WHAT THE TASK REQUIRES = Pictures excluded, output the lines of the data below between the one holding "Lampadario a gocce" and the one holding "Image of WS-240S", inclusive, exactly as they stand.

DATA SECTION =
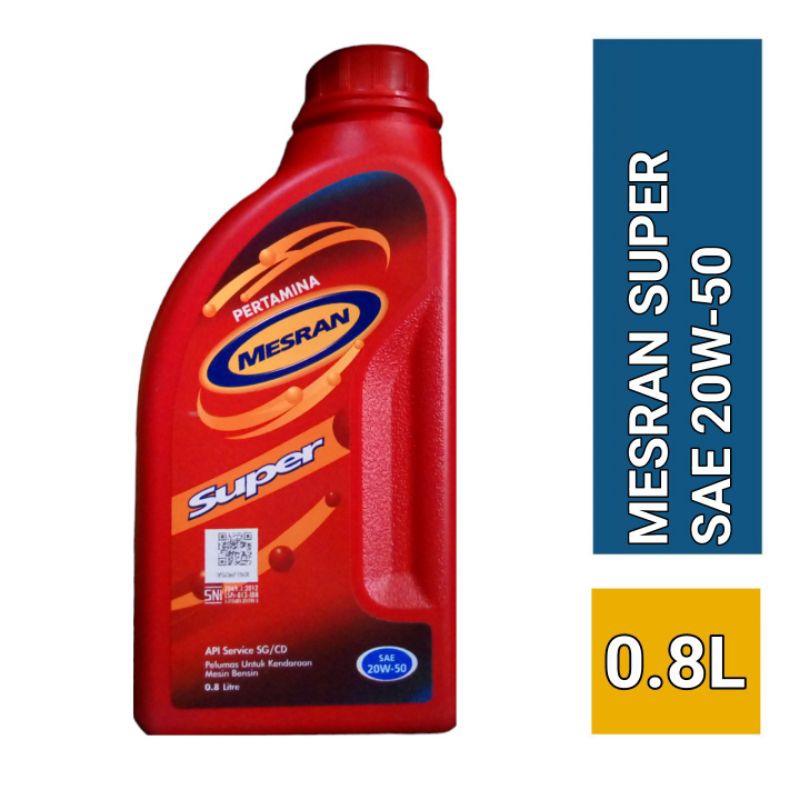 Mesran Super 20W - 50 0.8L - Oli Motor 4T Non Matic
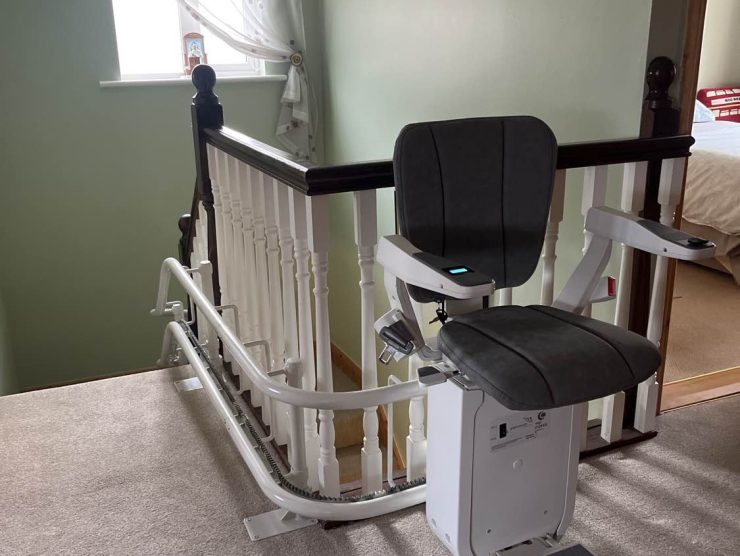 Curved Stairlift – Kilbeggan, Co. Westmeath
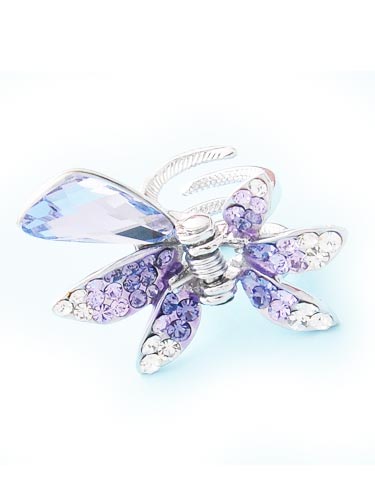 Hair Claw Clips - Ribbon (Purple)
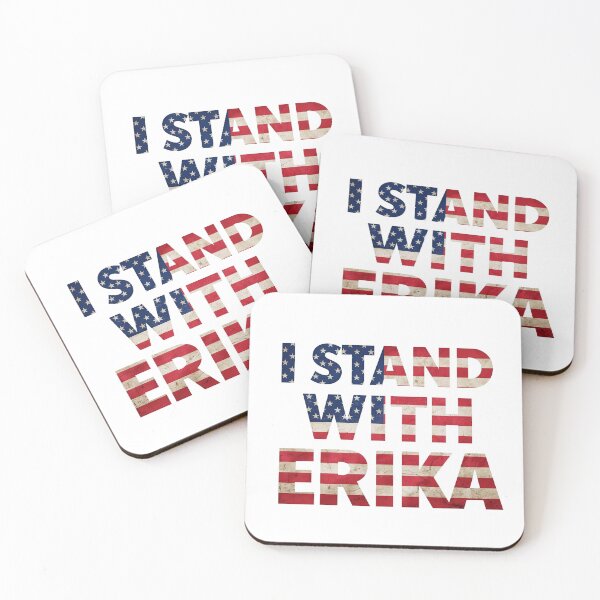 Item preview, I Stand With Erika | Support & Solidarity Bold Flag Design designed and sold by PolarisInk.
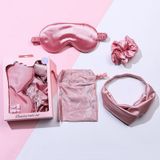  Bịt Mắt Ngủ Lụa Giảm Mệt Mỏi Cao Cấp Bộ Quà Cưới Ba Mảnh [GIAO HÀNG 2-10 NGÀY | SỈ TỪ 2 TRIỆU | CÓ THỂ IN LOGO] 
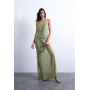 Topshop occasion mixed fabric cowl neck dress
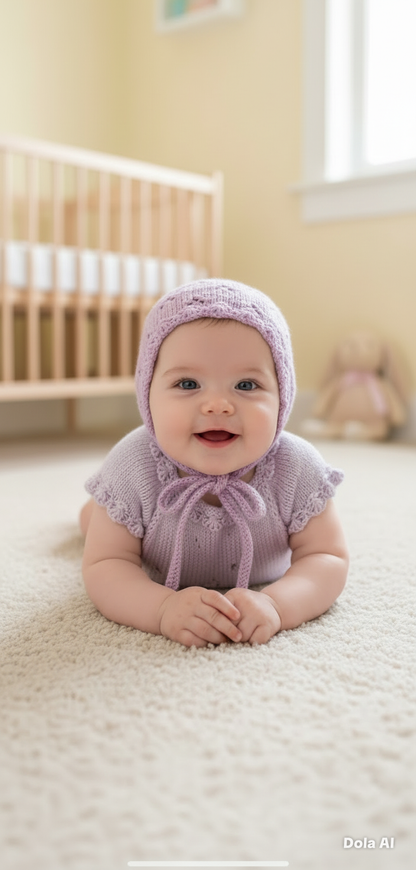 "Angel” Romper Knitting pattern for Reborn doll 16 -22” or 0-3 Month Old Baby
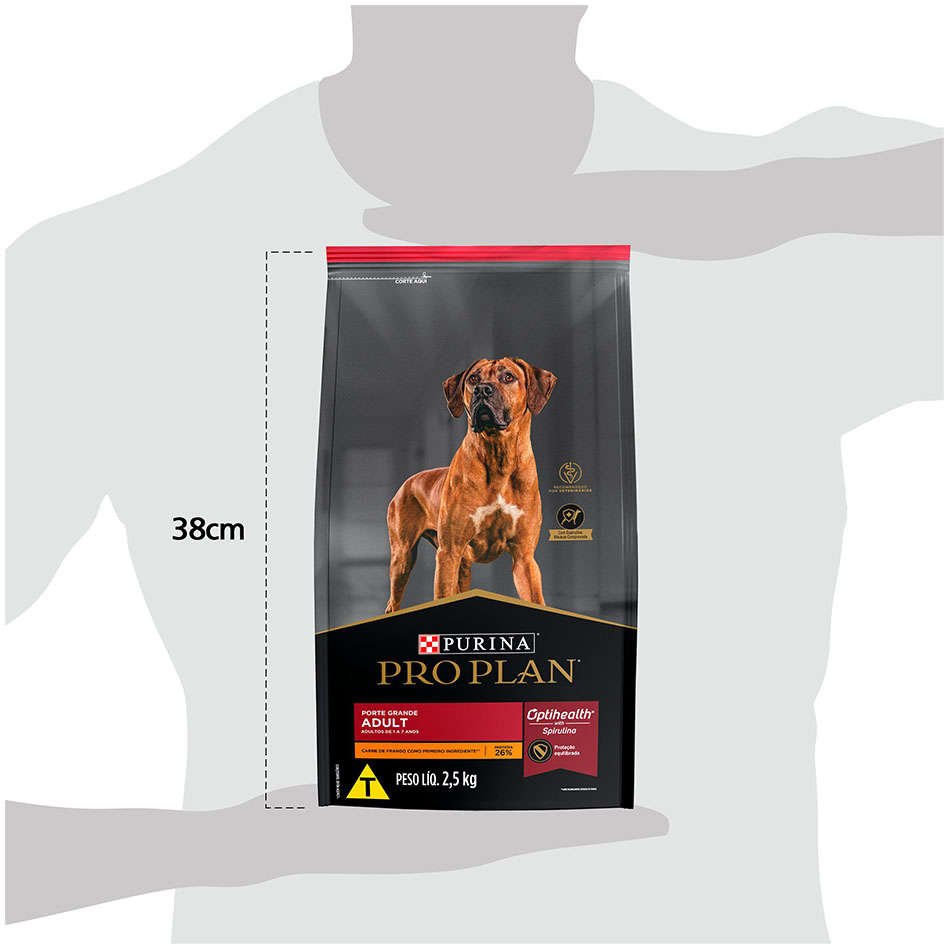 Ração Seca Nestlé Purina Pro Plan Frango Cães Adultos Raças Grandes - 2,5Kg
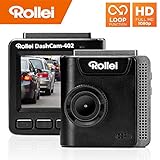 Rollei Dashcam 402 mit GPS und G-Sensor | Rechtskonforme Autokamera vorne | 1080p Full-HD | Auto-Kamera zur Überwachung und Parküberwachung | Dash Cam Video-Registrator mit Loop Funktion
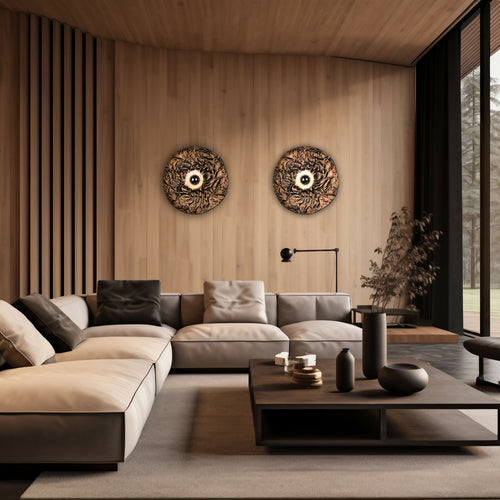 sculpture_murale_lumineuse_texturee_noire_metallisee_namib_s_kif_studio copie | EMPREINTES Paris - EMPREINTES Paris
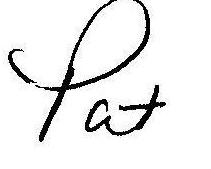 Pat's Signature
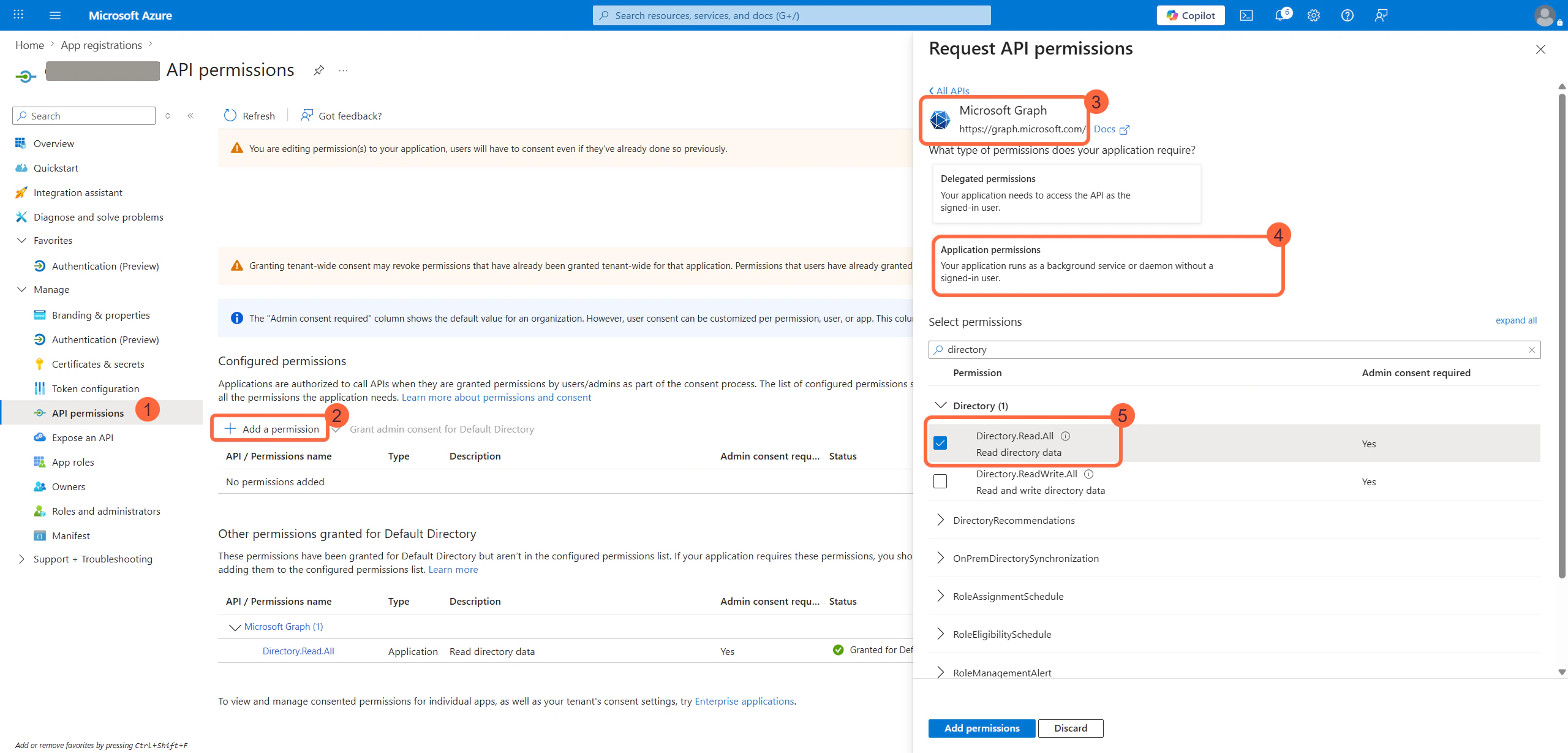 Azure API Permissions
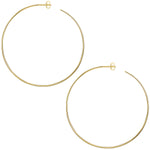 Creolen groß in gold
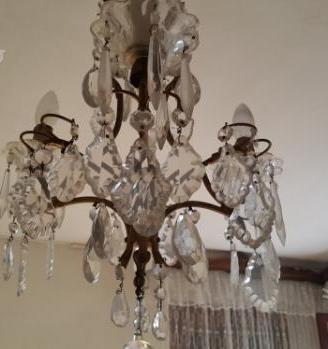 Lampadario a gocce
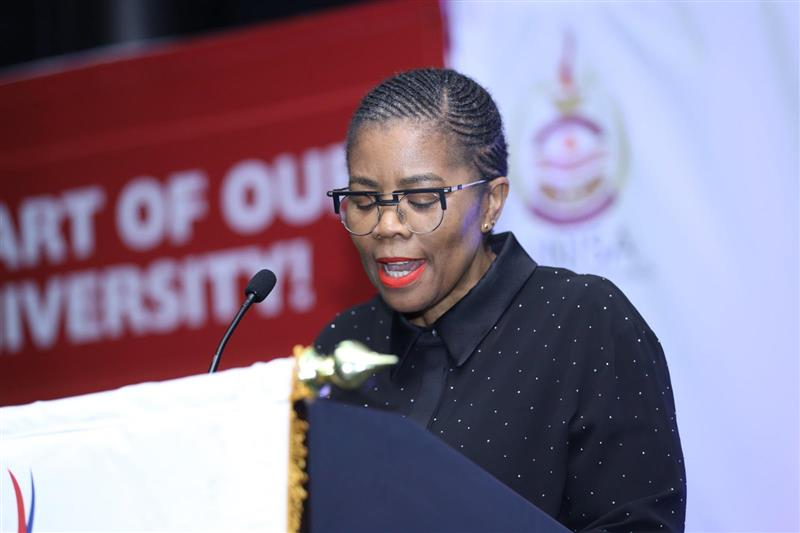 unisa's tweet photo. Prof Puleng LenkaBula highlighted that Simiso Nkwanyana's generation fought for a Unisa that reflected the rich diversity of South Africa and served the emancipatory interests of previously marginalised communities. She noted that their Seven-Point Plan and Programme Optimum were not merely institutional reforms, but a bold vision for a more inclusive, equitable and transformative university.

#SimisoNkwanyanaMemorialLecture | #Unisa150andBeyond | #CatalysingRuralGrowth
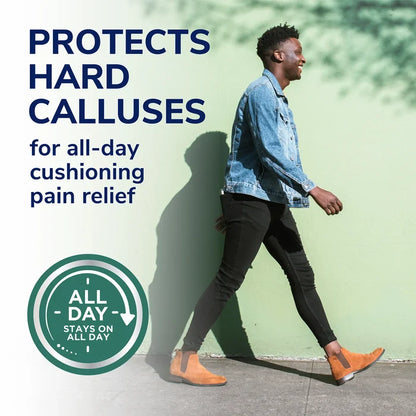 Extra Thick Callus Removers help protect hard calluses with all-day cushioning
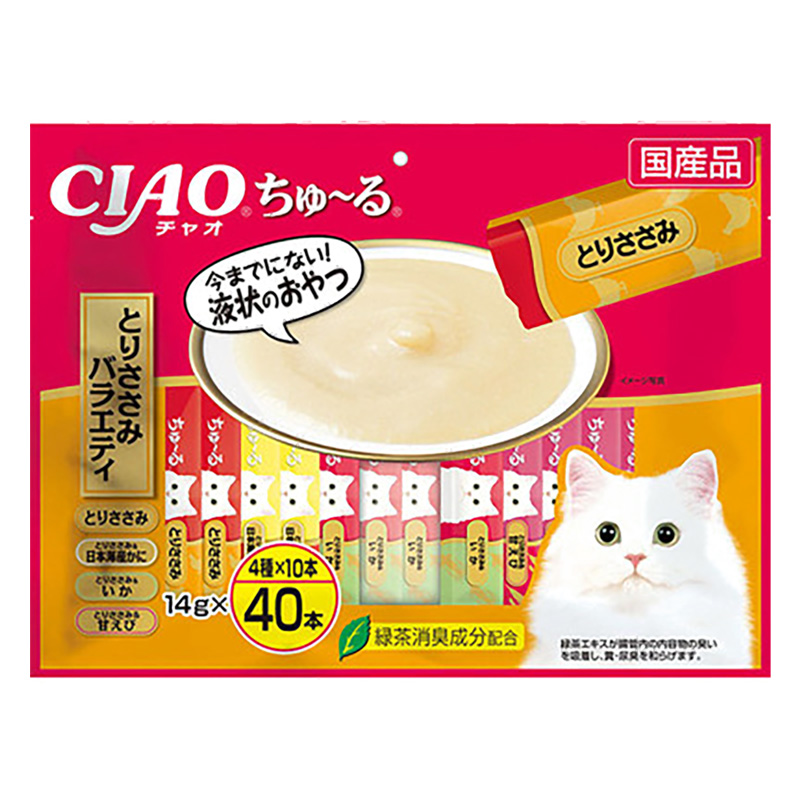 CIAO ちゅ~る とりささみバラエティ 14g
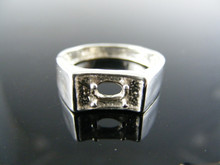 5696 RING SETTING STERLING SILVER, SIZE 8.5, 6X4 MM OVAL STONE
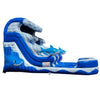 Image of WS-240S Crazy Shark Waves Water Slide 15Ft H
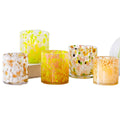Custom Clear Crystal Candle Bottles Mexican Confetti Tea Light Candle Holders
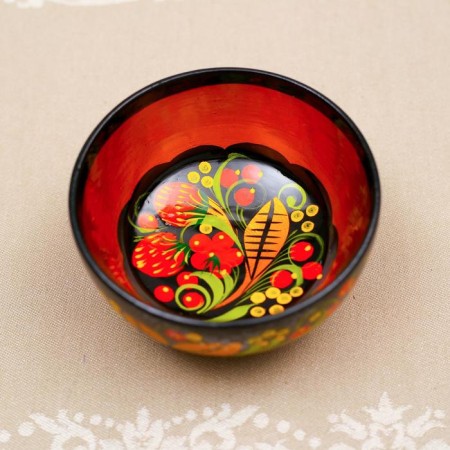 Saladnik, Small, 11 × 6 cm, Khokhloma-4
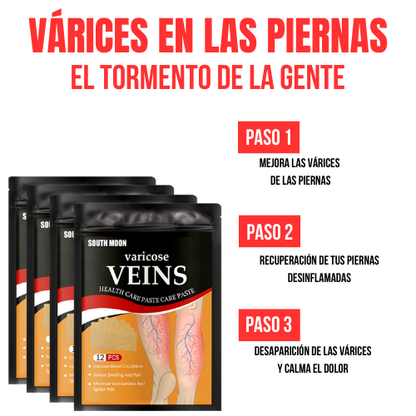 VeinsCare™ Pack 4x1 Parches Revitalizantes Para Várices (48 uni)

RESULT FOR THIS EXERCISE =
 Lampadario a gocce
 unisa's tweet photo. Prof Puleng LenkaBula highlighted that Simiso Nkwanyana's generation fought for a Unisa that reflected the rich diversity of South Africa and served the emancipatory interests of previously marginalised communities. She noted that their Seven-Point Plan and Programme Optimum were not merely institutional reforms, but a bold vision for a more inclusive, equitable and transformative university.

#SimisoNkwanyanaMemorialLecture | #Unisa150andBeyond | #CatalysingRuralGrowth
 Extra Thick Callus Removers help protect hard calluses with all-day cushioning
 CIAO ちゅ~る とりささみバラエティ 14g
 5696 RING SETTING STERLING SILVER, SIZE 8.5, 6X4 MM OVAL STONE
 Image of WS-240S Crazy Shark Waves Water Slide 15Ft H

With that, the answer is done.